══ The data

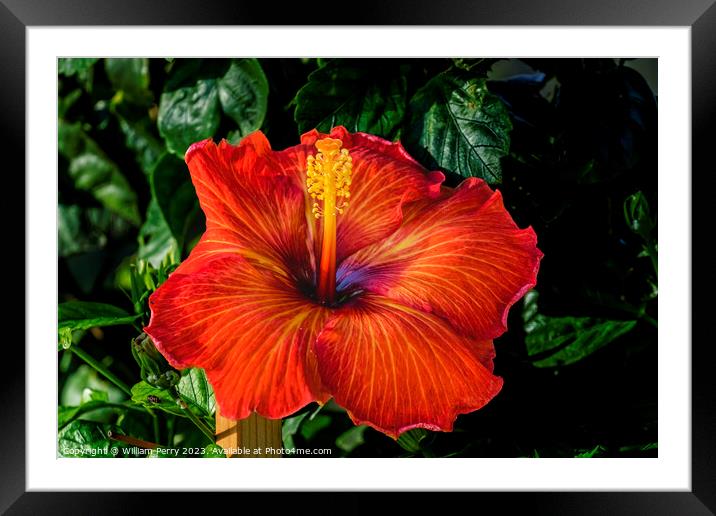 Deep Bright Orange Tropical Hibiscus Flower Hawaii Framed Mounted Print by William Perry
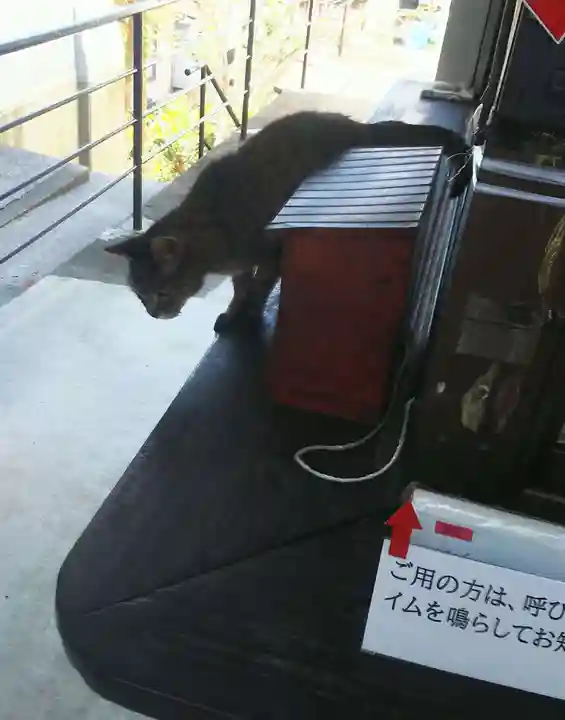 安居神社の動物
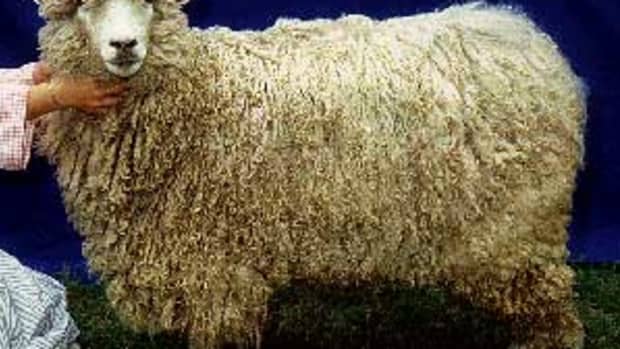 Leicester Longwool. Source: http://www.ansi.okstate.edu/breeds/sheep/leicesterlongwool/index.htm
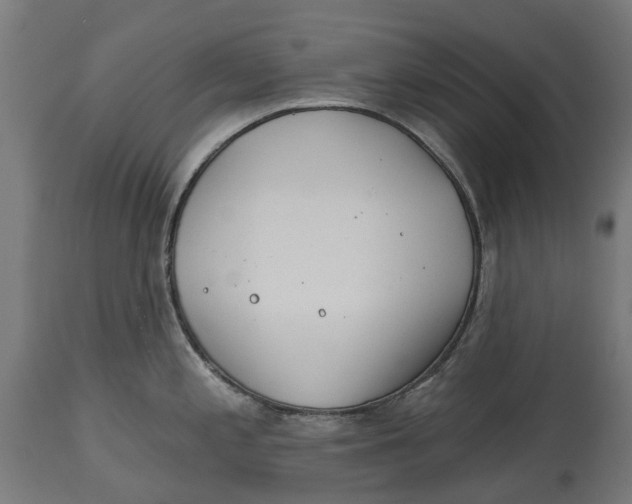 X0000114401197200911131359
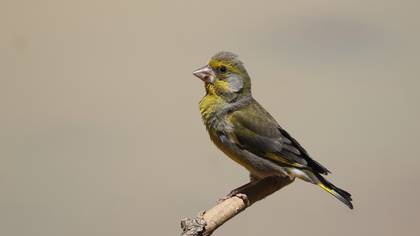Florya » European Greenfinch » Chloris chloris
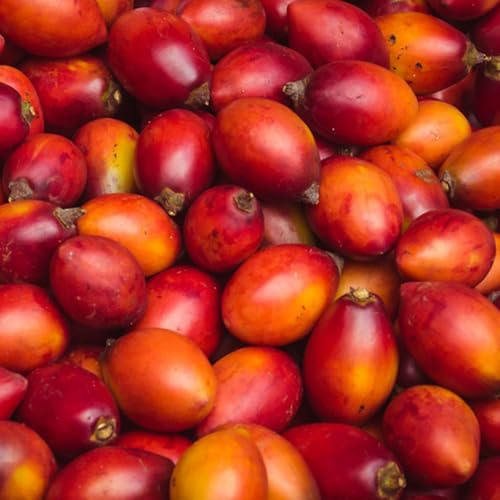pomodoro tamarillo - 40semi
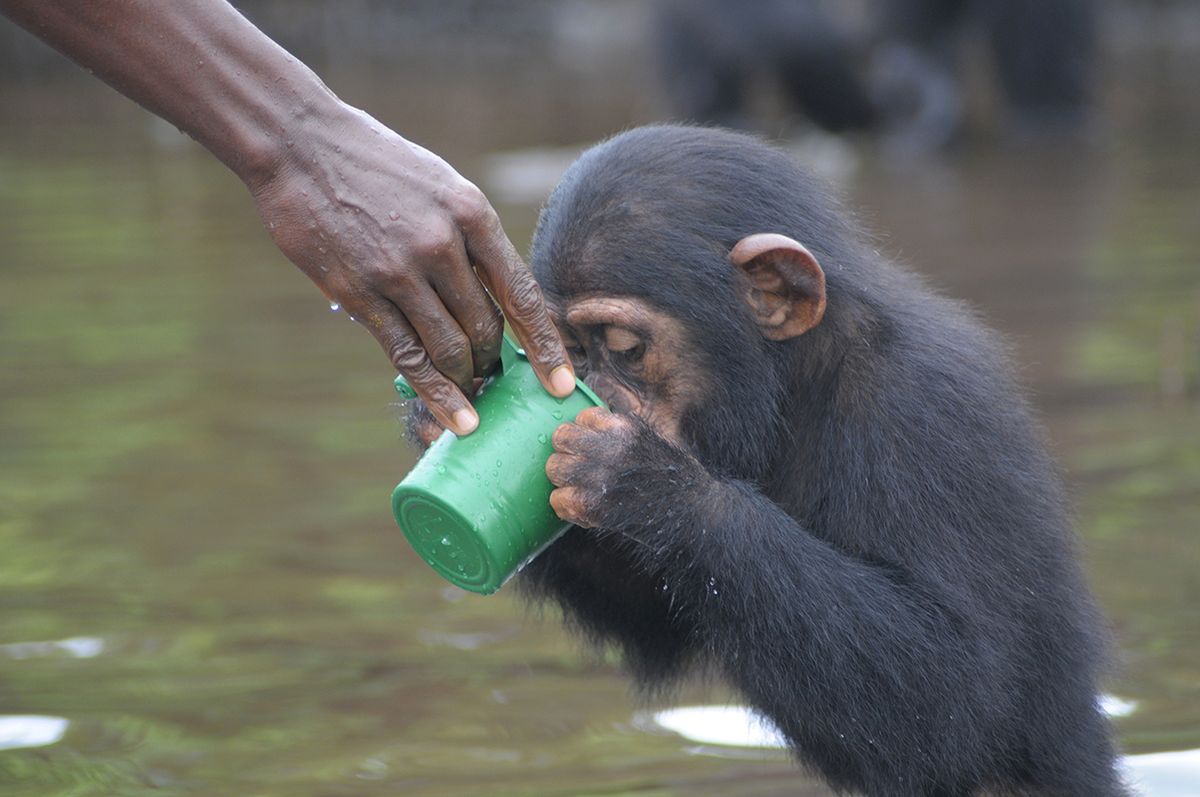 These Lab Chimpanzees Are Getting a 2nd Lease on Life | Live Science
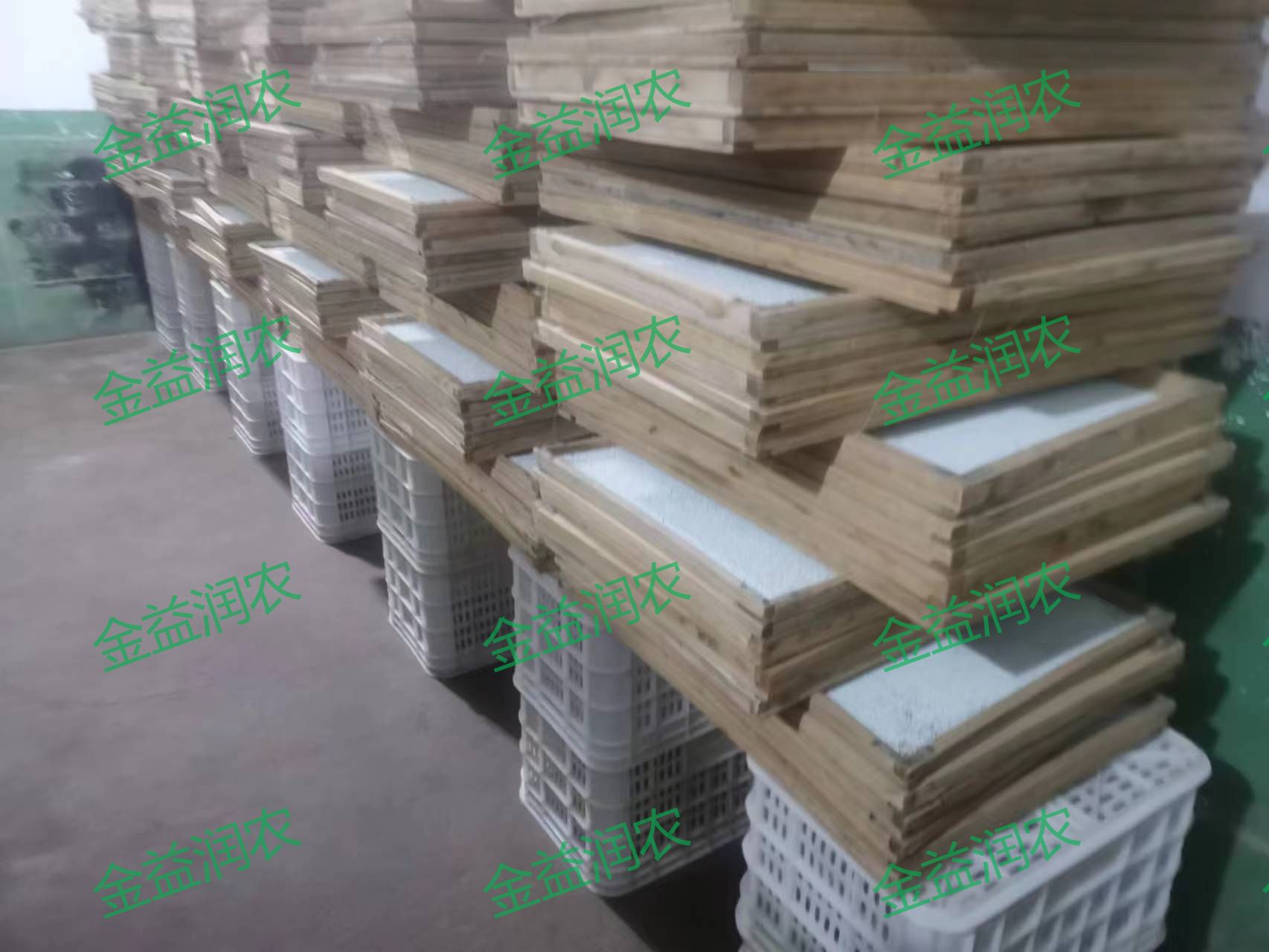 专业生产昆虫信息素性诱芯诱捕器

════

What is needed:
The reply should hold every record, unchanged, and no pictures.

Response:
 Deep Bright Orange Tropical Hibiscus Flower Hawaii Framed Mounted Print by William Perry
 安居神社の動物
 Leicester Longwool. Source: http://www.ansi.okstate.edu/breeds/sheep/leicesterlongwool/index.htm
 X0000114401197200911131359
Florya » European Greenfinch » Chloris chloris
pomodoro tamarillo - 40semi
 These Lab Chimpanzees Are Getting a 2nd Lease on Life | Live Science
 专业生产昆虫信息素性诱芯诱捕器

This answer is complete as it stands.